NovelToon NovelToon
Love, On Pause

Love, On Pause

Status: sedang berlangsung
Genre:Pernikahan Kilat / Kehidupan Manis Setelah Patah Hati / Diam-Diam Cinta / Cinta setelah menikah / Cinta Seiring Waktu / Romansa
Popularitas:385
Nilai: 5
Nama Author: Nisa Amara

Jovita Diana Juno dikhianati oleh kekasihnya sendiri, Adam Pranadipa tepat tiga bulan sebelum pernikahan mereka. Sementara itu, Devan Manendra lekas dijodohkan dengan seorang anak dari kerabat ibunya, namun ia menolaknya. Ketika sedang melakukan pertemuan keluarga, Devan melihat Jovita lalu menariknya. Ia mengatakan bahwa mereka memiliki hubungan, dan sudah membicarakan untuk ke jenjang yang lebih serius. Jovita yang ingin membalas semua penghinaan juga ketidakadilan, akhirnya setuju untuk berhubungan dengan Devan. Tanpa perasaan, dan tanpa rencana Jovita mengajak Devan untuk menikah.

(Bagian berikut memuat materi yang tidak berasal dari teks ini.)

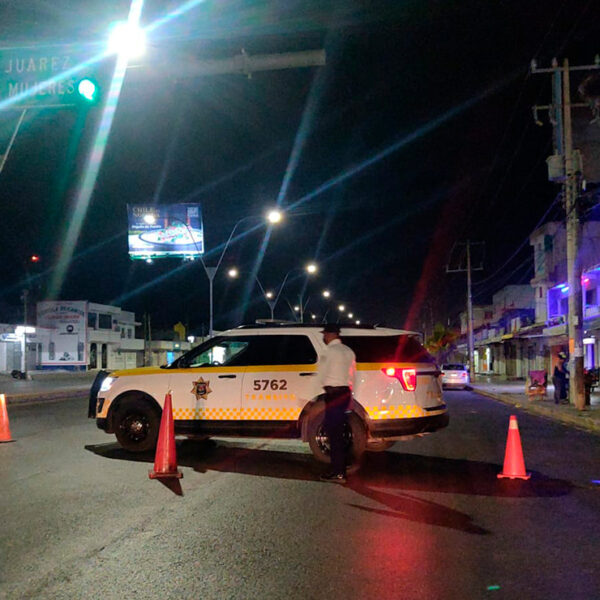Cierre de avenidas en Cancún como medida contra el covid-19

update setiap hari (kalo gak ada halangan)

Karya ini diterbitkan atas izin NovelToon Nisa Amara, isi konten hanyalah pandangan pribadi pembuatnya, tidak mewakili NovelToon sendiri

16

Pagi itu, sinar matahari menerobos masuk lewat jendela besar ruang kerja Mawar di MK Group. Ia duduk tegak di balik meja kayu gelapnya, jemarinya menari di atas mouse saat mengecek surel satu per satu. Ruangan terasa hening, hanya terdengar suara halus AC.

Tiba-tiba pintu diketuk pelan.

Sekretarisnya masuk dengan beberapa lembar kertas yang dijepit rapi di tangannya.

“Bu Mawar, ini lembar persetujuan yang sudah ditandatangani warga sekitar,” ujarnya sopan sambil menyerahkannya.

Mawar menerima berkas itu dan memeriksanya teliti. Matanya bergerak dari nama satu ke nama lainnya, lalu alisnya terangkat sedikit.

“Totalnya ada tiga puluh tujuh kepala keluarga, kan?” tanyanya tanpa mengalihkan pandangan dari kertas. “Tapi ini cuma ada tiga puluh enam.”

Sekretarisnya menelan ludah sebelum menjawab. “Iya, Bu. Ada satu kepala keluarga yang menolak relokasi. Tim legal sudah mencoba bernegosiasi, tapi tidak ada perkembangan.”

Mawar menutup berkas itu perlahan, menghela napas panjang sambil menyandarkan punggung. Dalam sekejap, ekspresi profesionalnya kembali.

“Baik. Biar saya yang tangani,” katanya mantap.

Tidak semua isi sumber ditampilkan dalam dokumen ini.